** Opening Source data block **
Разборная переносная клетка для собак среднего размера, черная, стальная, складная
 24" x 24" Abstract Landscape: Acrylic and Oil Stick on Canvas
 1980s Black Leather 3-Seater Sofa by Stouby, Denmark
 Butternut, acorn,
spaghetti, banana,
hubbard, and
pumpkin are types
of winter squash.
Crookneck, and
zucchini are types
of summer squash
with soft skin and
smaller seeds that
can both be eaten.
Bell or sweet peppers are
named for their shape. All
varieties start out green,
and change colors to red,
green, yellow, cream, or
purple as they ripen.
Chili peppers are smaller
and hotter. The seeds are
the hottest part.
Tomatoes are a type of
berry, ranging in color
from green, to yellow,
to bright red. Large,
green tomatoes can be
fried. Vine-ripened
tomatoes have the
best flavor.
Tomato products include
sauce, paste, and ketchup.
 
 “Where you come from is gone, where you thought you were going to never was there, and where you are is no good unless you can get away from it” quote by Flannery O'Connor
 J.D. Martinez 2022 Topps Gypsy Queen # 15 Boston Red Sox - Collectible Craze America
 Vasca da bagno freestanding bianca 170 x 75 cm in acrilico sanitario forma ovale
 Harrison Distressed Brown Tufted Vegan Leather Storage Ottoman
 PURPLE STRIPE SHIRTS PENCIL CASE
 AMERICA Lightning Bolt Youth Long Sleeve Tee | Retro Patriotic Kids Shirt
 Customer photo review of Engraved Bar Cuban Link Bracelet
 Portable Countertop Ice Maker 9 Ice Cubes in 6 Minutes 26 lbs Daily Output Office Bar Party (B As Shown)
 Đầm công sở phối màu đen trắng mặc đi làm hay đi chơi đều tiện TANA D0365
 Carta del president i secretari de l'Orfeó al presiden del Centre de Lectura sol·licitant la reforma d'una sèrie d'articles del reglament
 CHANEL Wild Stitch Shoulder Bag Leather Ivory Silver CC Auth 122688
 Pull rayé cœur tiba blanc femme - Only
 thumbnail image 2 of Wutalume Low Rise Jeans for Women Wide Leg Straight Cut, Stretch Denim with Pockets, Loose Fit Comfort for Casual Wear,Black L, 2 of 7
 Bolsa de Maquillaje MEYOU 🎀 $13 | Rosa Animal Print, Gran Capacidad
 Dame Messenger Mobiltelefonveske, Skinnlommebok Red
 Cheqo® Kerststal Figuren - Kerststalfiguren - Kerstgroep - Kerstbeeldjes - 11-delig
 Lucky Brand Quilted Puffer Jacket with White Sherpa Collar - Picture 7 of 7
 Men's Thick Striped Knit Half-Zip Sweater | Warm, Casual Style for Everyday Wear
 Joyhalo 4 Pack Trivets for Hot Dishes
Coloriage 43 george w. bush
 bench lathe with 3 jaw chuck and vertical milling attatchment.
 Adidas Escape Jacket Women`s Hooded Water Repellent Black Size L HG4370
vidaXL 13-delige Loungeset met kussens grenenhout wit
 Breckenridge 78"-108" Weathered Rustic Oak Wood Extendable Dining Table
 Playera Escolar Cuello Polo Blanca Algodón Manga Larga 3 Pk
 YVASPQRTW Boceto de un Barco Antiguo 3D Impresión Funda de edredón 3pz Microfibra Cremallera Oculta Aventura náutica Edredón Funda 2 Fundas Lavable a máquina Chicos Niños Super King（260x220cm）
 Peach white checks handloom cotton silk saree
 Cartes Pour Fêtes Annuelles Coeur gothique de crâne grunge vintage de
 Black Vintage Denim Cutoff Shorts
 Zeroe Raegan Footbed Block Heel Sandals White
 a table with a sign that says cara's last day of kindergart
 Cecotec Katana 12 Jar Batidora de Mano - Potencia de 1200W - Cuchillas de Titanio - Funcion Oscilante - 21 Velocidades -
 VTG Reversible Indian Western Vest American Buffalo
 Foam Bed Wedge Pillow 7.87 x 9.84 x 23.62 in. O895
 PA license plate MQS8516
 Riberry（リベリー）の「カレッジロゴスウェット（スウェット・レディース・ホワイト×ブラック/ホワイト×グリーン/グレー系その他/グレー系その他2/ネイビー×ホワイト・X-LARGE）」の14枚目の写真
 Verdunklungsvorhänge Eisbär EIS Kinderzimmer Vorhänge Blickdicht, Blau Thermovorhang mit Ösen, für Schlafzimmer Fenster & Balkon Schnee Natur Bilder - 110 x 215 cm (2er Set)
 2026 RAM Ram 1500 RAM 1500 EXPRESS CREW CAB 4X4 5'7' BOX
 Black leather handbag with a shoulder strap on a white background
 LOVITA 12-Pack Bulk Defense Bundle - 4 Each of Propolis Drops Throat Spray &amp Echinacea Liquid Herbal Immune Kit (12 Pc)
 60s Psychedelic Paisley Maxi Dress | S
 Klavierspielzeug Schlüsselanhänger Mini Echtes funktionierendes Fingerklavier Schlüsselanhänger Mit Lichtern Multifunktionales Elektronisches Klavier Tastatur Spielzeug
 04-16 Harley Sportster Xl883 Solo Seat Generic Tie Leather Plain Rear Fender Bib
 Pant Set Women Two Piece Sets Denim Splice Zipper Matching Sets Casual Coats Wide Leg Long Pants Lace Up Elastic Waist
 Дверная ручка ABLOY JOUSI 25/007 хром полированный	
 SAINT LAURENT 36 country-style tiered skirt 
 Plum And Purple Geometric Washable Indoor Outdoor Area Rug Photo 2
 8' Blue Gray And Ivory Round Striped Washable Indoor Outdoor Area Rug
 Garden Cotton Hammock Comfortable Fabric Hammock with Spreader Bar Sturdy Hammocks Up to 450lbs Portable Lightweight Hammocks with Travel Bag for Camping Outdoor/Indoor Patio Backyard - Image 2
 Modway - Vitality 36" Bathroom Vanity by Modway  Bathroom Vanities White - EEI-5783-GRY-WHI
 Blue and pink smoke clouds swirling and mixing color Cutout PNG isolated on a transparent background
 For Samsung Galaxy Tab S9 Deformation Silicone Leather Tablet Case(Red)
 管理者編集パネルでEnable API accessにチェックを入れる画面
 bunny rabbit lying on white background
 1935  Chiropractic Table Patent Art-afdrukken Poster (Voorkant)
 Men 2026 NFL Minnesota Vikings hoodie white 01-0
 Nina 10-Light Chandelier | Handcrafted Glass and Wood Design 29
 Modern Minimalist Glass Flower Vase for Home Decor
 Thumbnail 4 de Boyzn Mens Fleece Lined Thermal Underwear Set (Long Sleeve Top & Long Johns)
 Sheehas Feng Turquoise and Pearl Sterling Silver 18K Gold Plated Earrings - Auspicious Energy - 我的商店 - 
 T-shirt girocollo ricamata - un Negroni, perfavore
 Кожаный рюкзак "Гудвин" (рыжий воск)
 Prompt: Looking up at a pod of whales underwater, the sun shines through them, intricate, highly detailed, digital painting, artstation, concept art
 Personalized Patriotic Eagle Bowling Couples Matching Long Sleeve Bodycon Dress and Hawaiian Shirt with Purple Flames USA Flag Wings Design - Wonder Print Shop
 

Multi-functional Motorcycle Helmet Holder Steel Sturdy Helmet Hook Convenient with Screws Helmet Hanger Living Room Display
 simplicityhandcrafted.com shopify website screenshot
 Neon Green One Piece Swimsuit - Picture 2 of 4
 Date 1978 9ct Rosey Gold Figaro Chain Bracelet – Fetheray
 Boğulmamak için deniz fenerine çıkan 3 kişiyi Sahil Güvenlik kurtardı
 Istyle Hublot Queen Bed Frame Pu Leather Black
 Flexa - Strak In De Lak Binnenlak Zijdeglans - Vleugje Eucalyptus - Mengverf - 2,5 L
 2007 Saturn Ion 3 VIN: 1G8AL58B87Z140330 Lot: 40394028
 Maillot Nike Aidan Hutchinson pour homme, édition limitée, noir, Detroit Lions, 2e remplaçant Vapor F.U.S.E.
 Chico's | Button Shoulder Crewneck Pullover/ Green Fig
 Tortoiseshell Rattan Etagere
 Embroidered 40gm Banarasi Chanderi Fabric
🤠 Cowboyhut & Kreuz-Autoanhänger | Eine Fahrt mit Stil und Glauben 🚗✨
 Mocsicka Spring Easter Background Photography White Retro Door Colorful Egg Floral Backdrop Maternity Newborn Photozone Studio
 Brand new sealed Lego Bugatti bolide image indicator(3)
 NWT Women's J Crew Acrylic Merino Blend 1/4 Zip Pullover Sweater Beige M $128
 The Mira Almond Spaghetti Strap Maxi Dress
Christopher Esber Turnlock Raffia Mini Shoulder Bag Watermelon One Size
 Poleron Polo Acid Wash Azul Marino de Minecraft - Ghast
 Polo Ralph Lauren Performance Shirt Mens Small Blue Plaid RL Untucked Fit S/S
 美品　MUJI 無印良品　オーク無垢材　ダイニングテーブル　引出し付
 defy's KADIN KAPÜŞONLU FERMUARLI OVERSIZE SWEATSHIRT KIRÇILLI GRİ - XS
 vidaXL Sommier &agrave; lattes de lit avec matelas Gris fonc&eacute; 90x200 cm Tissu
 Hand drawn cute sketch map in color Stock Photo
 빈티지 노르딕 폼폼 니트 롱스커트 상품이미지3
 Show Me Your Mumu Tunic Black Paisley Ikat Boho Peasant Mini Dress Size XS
** Closing Source data block **
--- Task description ---
Set down, word for word, each line from the top of the records above through the line with "of winter squash.".

--- Exercise answer ---
Разборная переносная клетка для собак среднего размера, черная, стальная, складная
 24" x 24" Abstract Landscape: Acrylic and Oil Stick on Canvas
 1980s Black Leather 3-Seater Sofa by Stouby, Denmark
 Butternut, acorn,
spaghetti, banana,
hubbard, and
pumpkin are types
of winter squash.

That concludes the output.